En tout état de cause, cette rencontre entre le président IBK et le chef de file de l’opposition traduit l’essoufflement de la classe politique : une opposition qui n’a pas reconnu le Président réélu, et un Président qui se refusait de dialoguer avec une opposition qui ne le reconnait pas. Même s’il n’a fait aucune déclaration politique dans ce sens, Soumaïla Cissé a tranquillement repris sa place d’honorable député à l’Assemblée nationale, tournant le dos à sa prétention de président de la République dont on a volé la victoire électorale.

Décrisper ?

Si le Premier ministre hérisson a su faire réélire le candidat IBK à la présidentielle de juillet-aout 2018, et contenir les contestations électorales de l’opposition en usant de la répression, cependant face au réveil des leaders islamiques et leur rentrée fracassante en scène par le rejet du programme d’enseignement intégral, et le meeting du 10 février 2019 au stade du 26 mars, Soumeylou Boubeye Maïga semble montrer ses limites à surmonter cette énième crise. Les leaders religieux représentent bien une couche assez importante des Maliens (plus de 80% de la population malienne) même si cette majorité écrasante n’est pas organisée politiquement, qui plus est demande à travers leurs leaders vénérés, la démission du Premier ministre Soumeylou Boubeye Maïga. La question du contrôle des masses populaires est d’autant cruciale qu’au Mali l’enseignement scolaire et universitaire est à vau-l’eau, avec des conséquences incalculables sur la formation, l’emploi, la qualité des ressources humaines. A cet effet au regard de la faramineuse démonstration de force réalisée lors de ce dernier meeting du Haut conseil islamique, on peut aisément présager les difficultés que pourraient rencontrer les forces de l’ordre à canaliser des dizaines de milliers de personnes, sans compter que la capitale Bamako n’a pas besoin d’une telle aventure.
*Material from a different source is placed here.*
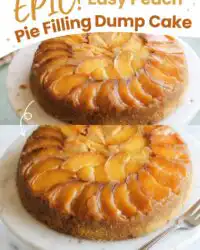 Easy Peach Pie Filling Dump Cake: A Simple Peach Dump Cake Easy Dessert Recipe for Busy Families.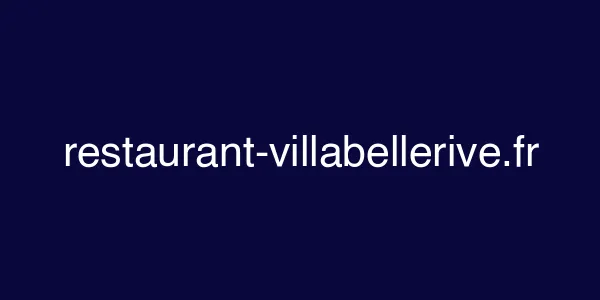 restaurant-villabellerive.fr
Pour atteindre ses objectifs, cette première rencontre entre les deux hommes doit jeter les bases d’un programme politique consensuel, qui se façonnera à travers des concertations nationales inclusives, prenant en compte les points de vue de toutes les sensibilités et qui s’imposera à tous : hautes autorités, opposition et majorité. Les élections passées et celles à venir, la révision constitutionnelle, les questions de justices, d’entente et de réconciliation nationale (une loi ne pouvant imposer l’entente nationale), et éventuellement le portrait robot d’un Premier ministre rassembleur ne doivent pas être occultés dans une gestion consensuel et concertée du pouvoir.